Bought this at the flea-market today. I suspect it has a broken mainspring which the watchmaker should be able to replace.


----------



## harryblakes7 (Oct 1, 2010)

That's very nice...... the Tacy watch co do some very good quality movements, you've got yourself a good find


----------



## Shangas (Jan 27, 2008)

I love it. I just need to have it serviced. But I'm so busy right now that the servicing will probably have to wait a long time.


----------



## Mikrolisk (Jan 23, 2008)

The watch should be probably from Henry Sandoz & Fils from La Chaux-de-Fonds.


----------



## Shangas (Jan 27, 2008)

I've found out quite a lot about the watch and I'm so glad I bought it.

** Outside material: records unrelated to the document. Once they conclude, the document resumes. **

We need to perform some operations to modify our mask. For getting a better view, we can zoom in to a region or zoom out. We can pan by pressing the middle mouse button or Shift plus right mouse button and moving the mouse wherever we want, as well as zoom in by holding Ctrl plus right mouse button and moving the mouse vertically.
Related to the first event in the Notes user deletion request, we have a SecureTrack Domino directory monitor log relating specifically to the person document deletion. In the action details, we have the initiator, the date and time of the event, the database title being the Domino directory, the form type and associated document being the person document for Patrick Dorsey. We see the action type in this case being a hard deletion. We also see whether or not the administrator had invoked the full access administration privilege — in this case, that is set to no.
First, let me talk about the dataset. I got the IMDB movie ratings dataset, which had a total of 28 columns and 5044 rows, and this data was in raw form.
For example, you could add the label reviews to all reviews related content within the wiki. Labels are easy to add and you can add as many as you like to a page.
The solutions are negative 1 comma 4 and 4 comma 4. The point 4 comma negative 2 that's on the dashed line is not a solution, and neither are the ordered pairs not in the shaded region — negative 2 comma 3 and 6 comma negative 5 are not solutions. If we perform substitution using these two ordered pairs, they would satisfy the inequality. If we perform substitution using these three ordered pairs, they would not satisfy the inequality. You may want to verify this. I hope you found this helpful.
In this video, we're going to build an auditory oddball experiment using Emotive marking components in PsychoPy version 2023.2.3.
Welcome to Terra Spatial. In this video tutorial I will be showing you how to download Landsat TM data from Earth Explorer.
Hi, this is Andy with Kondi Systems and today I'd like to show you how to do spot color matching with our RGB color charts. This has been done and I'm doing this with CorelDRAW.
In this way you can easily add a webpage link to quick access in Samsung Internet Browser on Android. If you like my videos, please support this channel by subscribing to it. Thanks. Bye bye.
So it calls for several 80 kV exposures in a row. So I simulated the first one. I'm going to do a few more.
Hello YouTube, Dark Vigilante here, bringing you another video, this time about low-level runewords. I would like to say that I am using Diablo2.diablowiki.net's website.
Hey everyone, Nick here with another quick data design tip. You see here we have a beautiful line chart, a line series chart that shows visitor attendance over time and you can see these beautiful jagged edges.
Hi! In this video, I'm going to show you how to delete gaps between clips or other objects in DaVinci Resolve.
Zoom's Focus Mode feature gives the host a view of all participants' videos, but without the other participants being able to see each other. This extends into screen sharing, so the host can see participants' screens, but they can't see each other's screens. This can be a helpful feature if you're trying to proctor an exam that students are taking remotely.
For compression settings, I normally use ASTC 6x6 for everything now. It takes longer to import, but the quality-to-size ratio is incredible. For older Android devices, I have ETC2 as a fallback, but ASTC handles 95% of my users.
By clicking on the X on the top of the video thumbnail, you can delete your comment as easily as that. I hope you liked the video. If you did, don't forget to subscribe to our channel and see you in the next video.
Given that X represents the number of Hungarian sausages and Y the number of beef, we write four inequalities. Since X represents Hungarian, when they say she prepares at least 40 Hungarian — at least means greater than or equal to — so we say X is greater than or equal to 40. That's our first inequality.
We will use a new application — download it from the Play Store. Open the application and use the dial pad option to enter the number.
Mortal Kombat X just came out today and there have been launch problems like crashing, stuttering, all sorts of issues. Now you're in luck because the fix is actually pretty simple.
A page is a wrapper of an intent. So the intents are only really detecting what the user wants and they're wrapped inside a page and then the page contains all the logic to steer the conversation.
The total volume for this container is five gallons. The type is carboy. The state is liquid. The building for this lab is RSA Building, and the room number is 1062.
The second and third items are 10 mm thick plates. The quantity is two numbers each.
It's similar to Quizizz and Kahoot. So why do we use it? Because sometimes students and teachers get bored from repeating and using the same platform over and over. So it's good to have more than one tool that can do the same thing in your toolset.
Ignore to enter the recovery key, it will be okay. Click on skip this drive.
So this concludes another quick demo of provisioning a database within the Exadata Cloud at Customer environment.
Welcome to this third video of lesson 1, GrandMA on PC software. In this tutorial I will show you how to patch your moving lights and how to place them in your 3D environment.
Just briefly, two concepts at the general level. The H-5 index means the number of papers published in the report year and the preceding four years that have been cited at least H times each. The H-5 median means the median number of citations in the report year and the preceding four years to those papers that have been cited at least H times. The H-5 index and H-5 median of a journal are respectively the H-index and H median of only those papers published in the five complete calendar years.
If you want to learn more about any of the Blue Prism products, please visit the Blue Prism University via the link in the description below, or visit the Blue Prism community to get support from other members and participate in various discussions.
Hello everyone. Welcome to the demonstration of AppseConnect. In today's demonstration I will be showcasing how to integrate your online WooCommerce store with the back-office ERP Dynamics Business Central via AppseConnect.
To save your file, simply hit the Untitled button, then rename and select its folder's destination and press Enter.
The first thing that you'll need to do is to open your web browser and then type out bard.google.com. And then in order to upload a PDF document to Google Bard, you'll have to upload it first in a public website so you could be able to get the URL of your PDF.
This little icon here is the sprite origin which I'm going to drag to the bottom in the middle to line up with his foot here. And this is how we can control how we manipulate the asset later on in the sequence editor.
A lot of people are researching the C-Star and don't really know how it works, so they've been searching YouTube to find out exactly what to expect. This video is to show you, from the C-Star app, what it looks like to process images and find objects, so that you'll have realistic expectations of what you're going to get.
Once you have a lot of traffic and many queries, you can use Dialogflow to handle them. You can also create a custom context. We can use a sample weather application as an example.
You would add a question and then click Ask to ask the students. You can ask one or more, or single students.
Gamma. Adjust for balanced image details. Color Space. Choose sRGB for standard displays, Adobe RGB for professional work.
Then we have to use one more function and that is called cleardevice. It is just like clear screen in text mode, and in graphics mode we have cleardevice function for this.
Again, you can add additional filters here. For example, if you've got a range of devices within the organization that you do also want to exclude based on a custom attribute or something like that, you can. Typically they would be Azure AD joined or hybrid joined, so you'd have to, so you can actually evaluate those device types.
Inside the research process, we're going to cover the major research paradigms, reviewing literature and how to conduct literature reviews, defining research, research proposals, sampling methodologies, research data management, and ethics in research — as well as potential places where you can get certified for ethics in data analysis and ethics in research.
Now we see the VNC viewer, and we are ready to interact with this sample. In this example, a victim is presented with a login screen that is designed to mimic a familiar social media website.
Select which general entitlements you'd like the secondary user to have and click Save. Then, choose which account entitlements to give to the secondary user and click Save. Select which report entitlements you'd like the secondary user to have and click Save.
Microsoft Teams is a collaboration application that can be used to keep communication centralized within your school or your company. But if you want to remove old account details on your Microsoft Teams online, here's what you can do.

From what I understand, it's from the 1920s. So this is now my Roaring Twenties jazz watch.


----------



## Shangas (Jan 27, 2008)

I decided that previous photographs of this watch were just fugly. So I have rectified that with what I believe to be the best photographs that I have taken of this seriously beautiful 1920s pocketwatch:



















One day, I'll get this darling beautiful thing serviced.


----------



## Roger the Dodger (Oct 5, 2009)

That's beautiful, Shangas....well done! Is that a basket that the leaves are coming out of just above the centre?....I blew the pic up to 300% but still couldn't make it out. Very nice decoration, whatever it is!


----------



## Shangas (Jan 27, 2008)

I'm still experimenting with the macro function on my camera. I'll try and get a nice, sharp closeup as soon as I can.


----------